Sara Baras | Crítica

En el reino de la luz

Sara Baras en un momento de 'Sombras'

Sara Baras en un momento de 'Sombras' / Carlos Gil

Me sigue pareciendo una bailaora necesaria. Más en tiempos de orfandad de personalidades así. No debe ser fácil ser una estrella del baile flamenco. De hecho, esta es la única que nos queda. La única superviviente de aquella explosión de popularidad para la danza flamenca que se dio a finales de los 90. Popularidad de verdad. Sus compañeros se perdieron en los oscuros brazos de la fama o de la vanidad, que tienden a confundirse y confundirlos, y ella permanece. Desde luego era la más inteligente. Eso es lo que me asombra de esta intérprete, la inteligencia que vuelve a demostrar en Sombras.
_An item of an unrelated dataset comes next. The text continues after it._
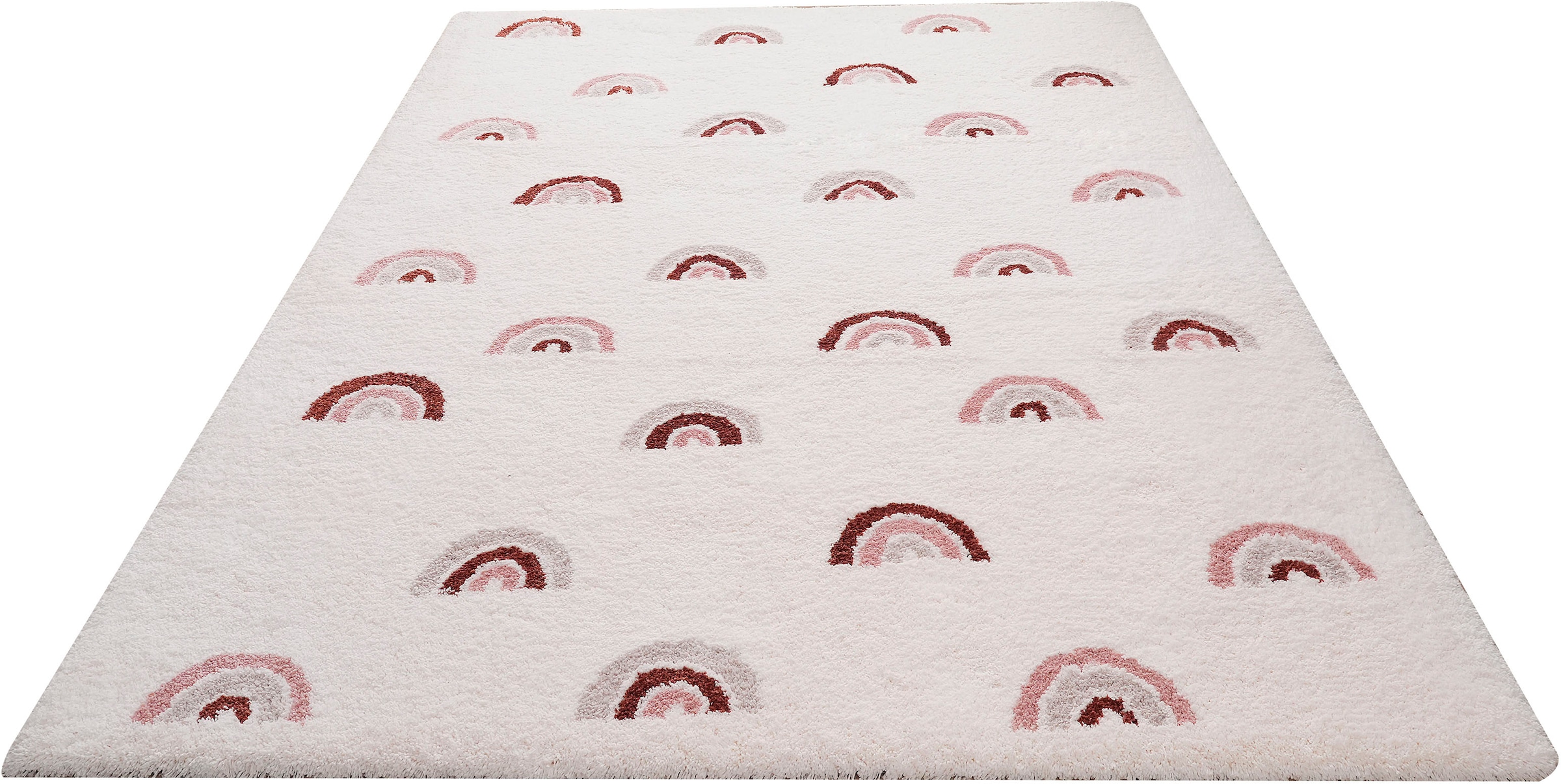 my home Kinderteppich »Regenbogen« rechteckig 20 mm Höhe weich, Pastell-Farben, modernes Design, Kinderzimmer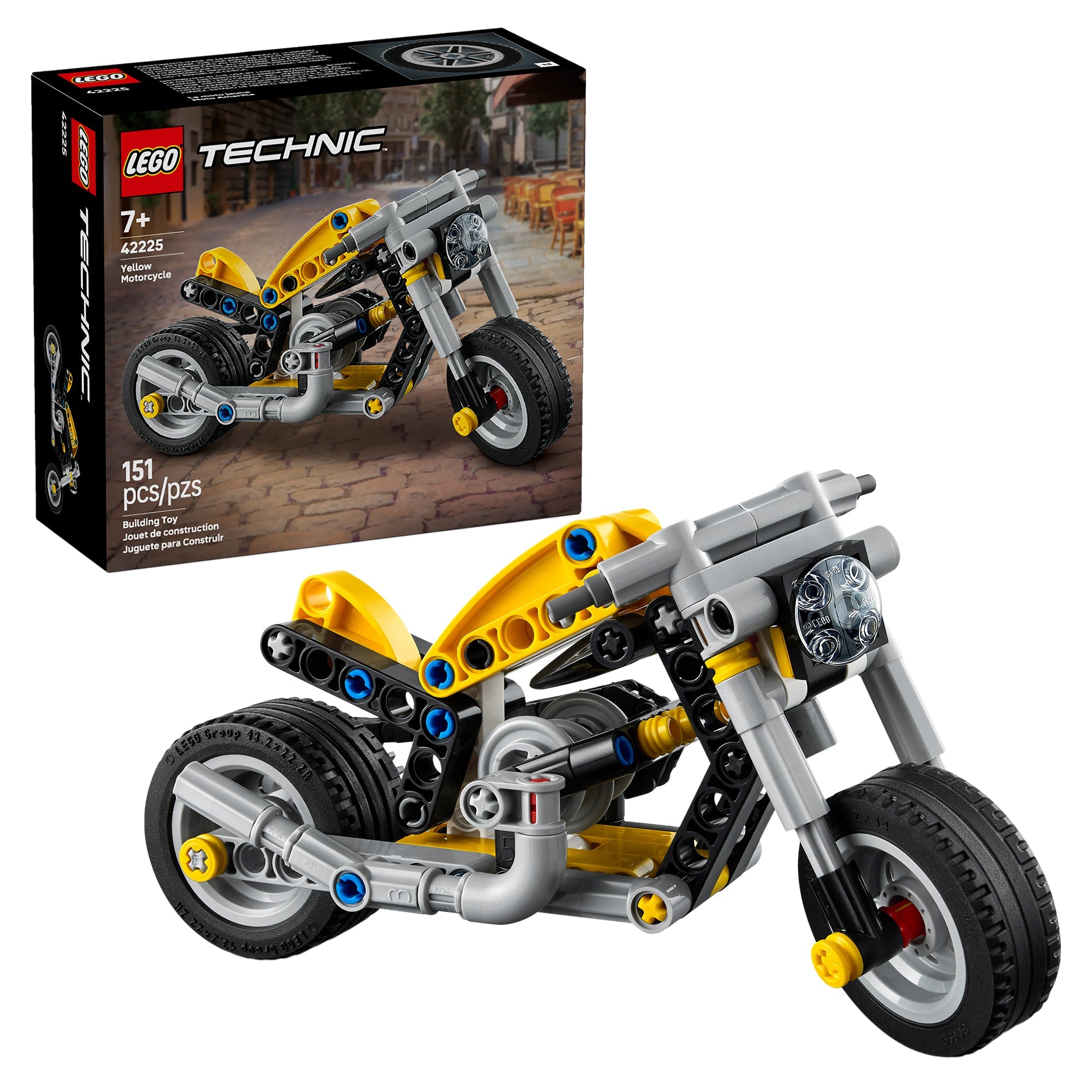 LEGO® Technic Yellow Motorcycle 42225 Toy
Que, a pesar de todo, es una obra luminosa. No lo puede evitar la cañaílla: lo suyo es el baile por todo lo alto, más que por todo lo jondo. Baras se despoja de la máscara, llámese Juana, Pepa o Mariana, para ser Sara. Lo fue siempre, porque la bailaora conoce a su público y el público conoce a la bailaora. Da, ni más ni menos, lo que se espera de ella: el personaje Sara Baras. Así que aquí encontramos los mismos vestidos vaporosos de altos vuelos, las mismas carretillas, las vueltas que son seña de identidad de su baile. El pretexto, como Juana o Mariana, es Sara: su baile, su farruca.

Siempre fue ella misma en todas sus obras. Con un cuerpo de baile magnífico que, pese a tener la obligación de someterse a la disciplina del grupo y de su líder, presenta personalidades notables, con características bailaoras propias. Y unos músicos magníficos y versátiles. Eso sí, el Pequeño vals vienés no funcionó. No podía funcionar la sombra en el reino de la luz.